Éric Zemmour : «Quand Macron prend un tournant qui en rappelle étrangement un autre»


Éric Zemmour : «Quand Macron prend un tournant qui en rappelle étrangement un autre»:

Le président de la République a été obligé de baiser la babouche de ces «Gaulois réfractaires» qu’il méprisait et de jeter ses armes aux pieds de son vainqueur.

C’était il y a trente-cinq ans, en 1983. Après dix-huit mois d’une politique de relance budgétaire échevelée, de mesures sociales en rafales et de dévaluations monétaires en cascade, François Mitterrand décidait un brusque changement de cap. On arrêtait la dérive des dépenses, on encourageait les entreprises, on réduisait la fiscalité, on libéralisait l’économie. On parlera de «virage» de 1983. Un virage dont la sortie s’appellera privatisations, grand marché européen, monnaie unique, mondialisation, financiarisation. La France s’alignait sur l’exemple donné dès 1980 en Angleterre et aux Etats-Unis par Margaret Thatcher et RonaldReagan. Elle devait renoncer à faire cavalier seul. Après leur défaite idéologique de 1983, les socialistes connurent leur défaite politique de 1986.

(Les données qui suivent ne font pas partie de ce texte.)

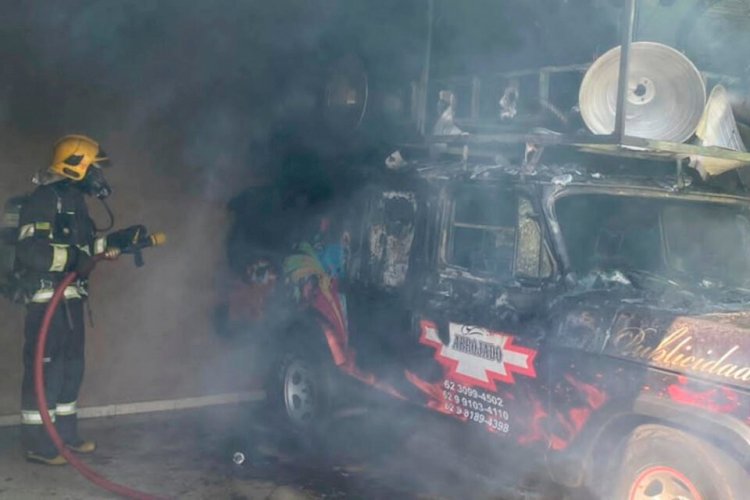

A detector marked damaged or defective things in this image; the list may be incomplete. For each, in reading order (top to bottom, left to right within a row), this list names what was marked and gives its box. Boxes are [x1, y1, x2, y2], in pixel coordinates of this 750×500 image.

burned door [406, 183, 560, 446]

Un virage de 1983 à l’envers

L’intervention d’Emmanuel Macron du 10 décembre est sans doute son virage de 1983. Un virage de 1983 à l’envers, bien sûr. Macron était, lui, lors de sa campagne, l’aboutissement de l’évolution entamée il y a trente-cinq ans. Il ne jurait que par l’Europe et par le monde ; «il n’y avait pas de culture française» ; la France devait devenir une «start-up nation» ; et tant pis pour ceux qui ne suivraient pas, ces «Gaulois réfractaires» qui «n’étaient rien» et n’avaient qu’à «traverser la rue pour trouver un emploi».

Ce Macron de 2017 s’est, comme Mitterrand en 1981, opposé à la vague «populiste» qui s’était levée un an plus tôt, en Angleterre avec le Brexit et aux Etats-Unis avec l’élection de Trump. Une vague protectionniste, sociale, conservatrice, qui rejette avec véhémence la mondialisation, qu’elle soit celle des capitaux, des marchandises ou des hommes.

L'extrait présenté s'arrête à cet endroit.